施設内を探索してもいいものか、リタに聞かなかったなあ。まあ危険そうな場所は雰囲気で分かるか。寝る前には気付かなかったが、天井にはどの場所にいるのかという看板がある。ここは……読めない。リタに翻訳機を貸してもらわないと駄目だな。
とりあえず記憶を頼りに食堂に行ってみるか。厨房を漁って時間つぶしである。……が、案の定迷った。しかもどうやらよろしくないエリアに来てしまった様子。天井の看板の色が赤に変わっており、しかも黄色い警告灯まである。ここは素直に道を戻る。
……迷った。しかも先程よりもよろしくない雰囲気。黄色と黒の警戒色があちこちにあり、これはお手上げ。

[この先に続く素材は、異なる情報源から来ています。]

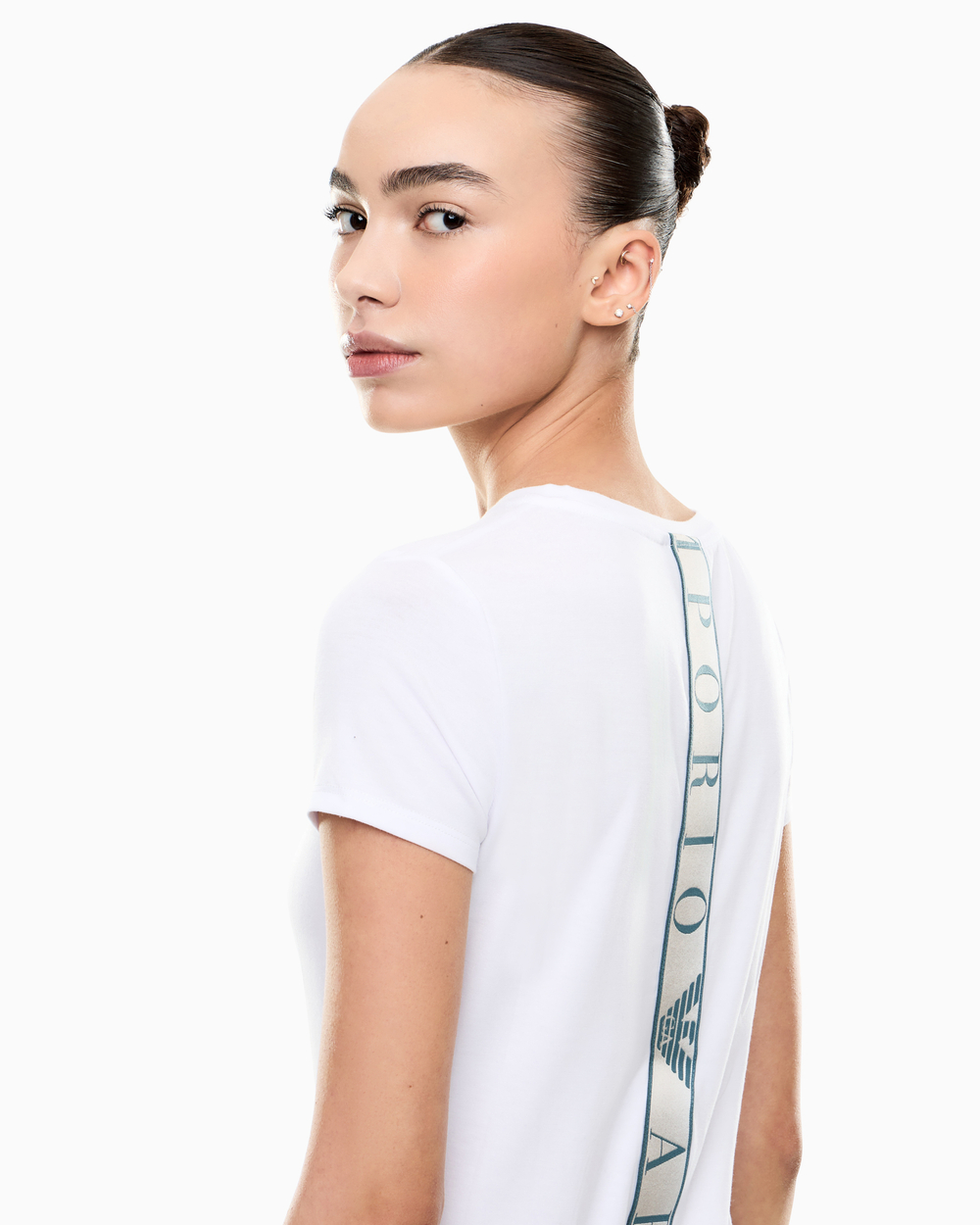 Футболка EA7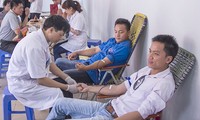  Banyak daerah menggerakkan kampanye “Tetesan darah kesumba” musim panas 2013.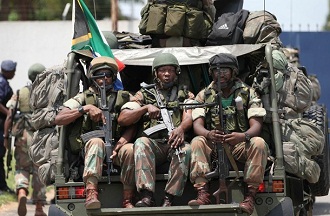 Des soldats sud-africains chargs de la protection du prsident Jacob Zuma ce lundi  Abidjan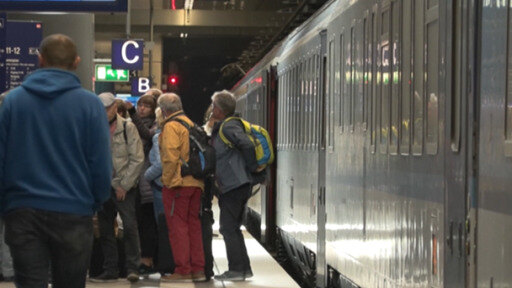 شبكة القطارات في ألمانيا تتوقف لثلاث ساعات بسبب قطع مقصود واحترافي. ويبدو أن الفاعل أراد الإشارة لثغرات أمنية.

とりあえず雰囲気的に普通の場所まで戻り、さてどうしようか考える。
「あのー」
と声をかけられた。リタの旦那、タリアだ。
「あー良かった。目が覚めたんで食堂に行こうと思ったら迷っちゃって」
「あはは、広いですもんね。……赤や黄色のエリアには行っていませんよね?」
「あー……」「あー……」
二人して残念な声を出してしまった。
その後はタリアに食堂まで案内してもらい、ついでに話をしたいと言ってきた。
「まず先になんですけど、あのエリアは爆発物や人体に影響のある物質を扱っているんですよ。なので今後は許可なく立ち入りは禁止です。ドアは開かないと思いますけどね」
「はい、すみません」
素直に謝る私。タリアは笑顔で返してくれた。リタはい人を掴んだな。
「それでですね、改めてリタの夫として、感謝申し上げます。リタから随分と心の支えになったと、あなたがいなければ心が折れていたと、そう聞いております。時には叱ってくれ、時には怒ってくれたとも。リタはこの大きな研究所にずっといましたから、結構甘やかされて育っているんですよ。でも半年経って帰ってきたリタの表情はまるで別人でした。帰還しての一声は格好良かったですよ」
「ほほお。何と?」
「あたしは五年間命を懸けて研究に没頭する! あたしを支えられる奴だけついて来い!」
大笑いの私。リタの奴、完全に二人に触発されたな。
「それでも実際には、命懸けというほどの没頭ではありませんでしたけれどね。体を壊すほどの無理をすると、あなたに怒られるからと。おかげで私とも結ばれまして、家族が出来ました。これも含めて感謝しています」
長月荘の縁は、世界を超えて繋がっているのだなと思った。そして同時に、こちらの世界に来てよかったとも思った。
私には恩を返す機会があるのだから。